"You mean they don't want her to bolt to Wes-bloc."
The KACH-man gestured philosophically.
"Am I right?" Lars asked.
"Afraid not. Miss Topchev is paid a salary equal to that of the prime mover of SeRKeb, Marshal Paponovich. She has a top-floor high-rise view conapt, a maid, butler, Mercedes-Benz hovercar. As long as she cooperates—"
"From this pic," Lars said, "I can't even tell how old she is. Let alone what she looked like."
"Lilo Topchev is twenty-three."
The office door opened and short, sloppy, unpunctual, on-the-brink-of-being-relieved-of-his-position but essential Henry Morris conjured himself into their frame of reference. "Anything for me?"
Lars said, "Come here." He indicated the pic of Lilo Topchev.
Swiftly the KACH-man restored the pic to its folio. "Classified, Mr. Lars! 20-20. You know; for your eyes alone."
Lars said, "Mr. Morris is my eyes." This was, evidently, one of KACH's more difficult functionaries. "What is your name?" Lars asked him, and held his pen ready at a notepad.

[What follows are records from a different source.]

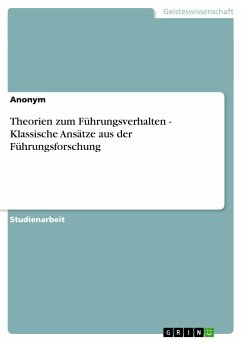 Theorien zum Führungsverhalten - Klassische Ansätze aus der Führungsforschung - Anonym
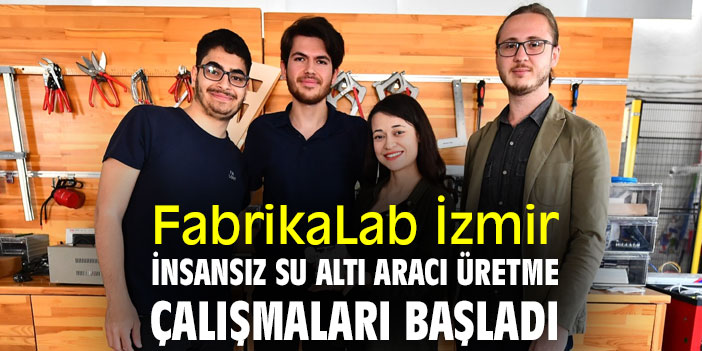 FabrikaLab İzmir, insansız su altı aracı üretme çalışmaları başladı
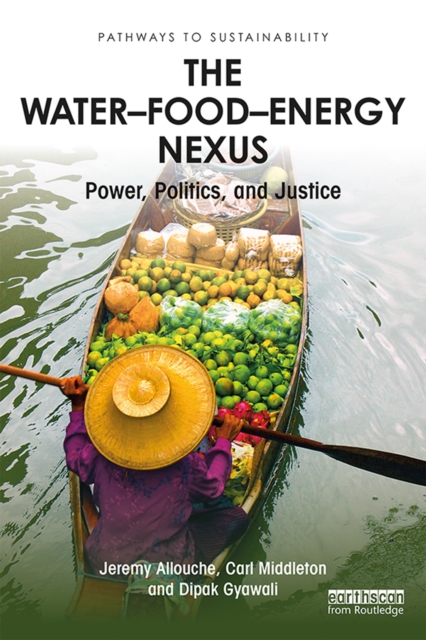 The Water–Food–Energy Nexus : Power, Politics, and Justice, EPUB eBook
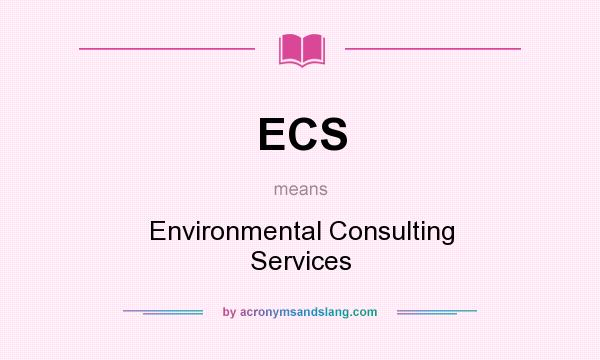 What does ECS mean? It stands for Environmental Consulting Services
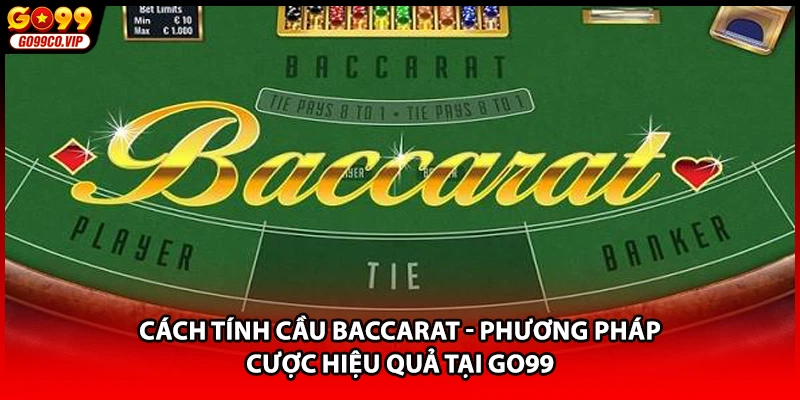 Cách Tính Cầu Baccarat - Phương Pháp Cược Hiệu Quả Tại GO99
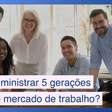 Como administrar as 5 gerações que temos no mercado de trabalho hoje?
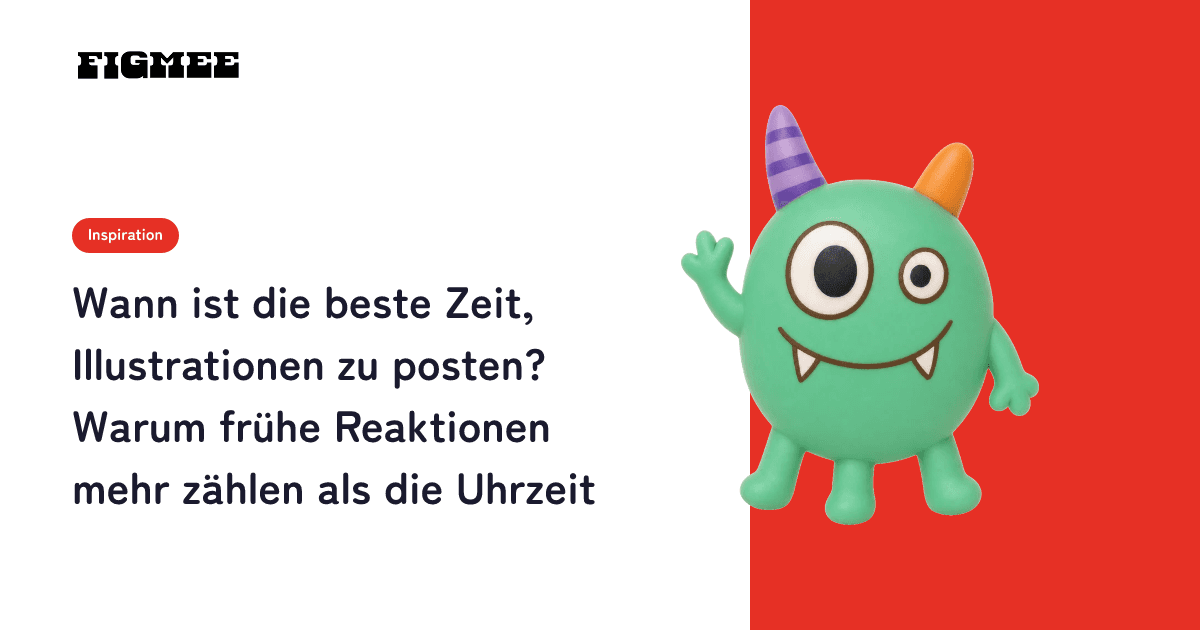 Wann ist die beste Zeit, Illustrationen zu posten? Warum frühe Reaktionen mehr zählen als die Uhrzeit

After a pause the KACH-man relaxed. "An ipse dixit, but—do whatever you wish with the pic, Mr. Lars." He returned it to the desk, no expression on his sunless, expert face. Henry Morris came around to bend over it, squinting and scowling, his fleshy jowls wobbling as he visibly masticated, as if trying to ingest something of substance from the blurred pic.
The vidcom on Lars' desk pinged and his secretary Miss Grabhorn said, "Call from the Paris office. Miss Faine herself, I believe." The most minuscule trace of disapproval in her voice, a tiny coldness.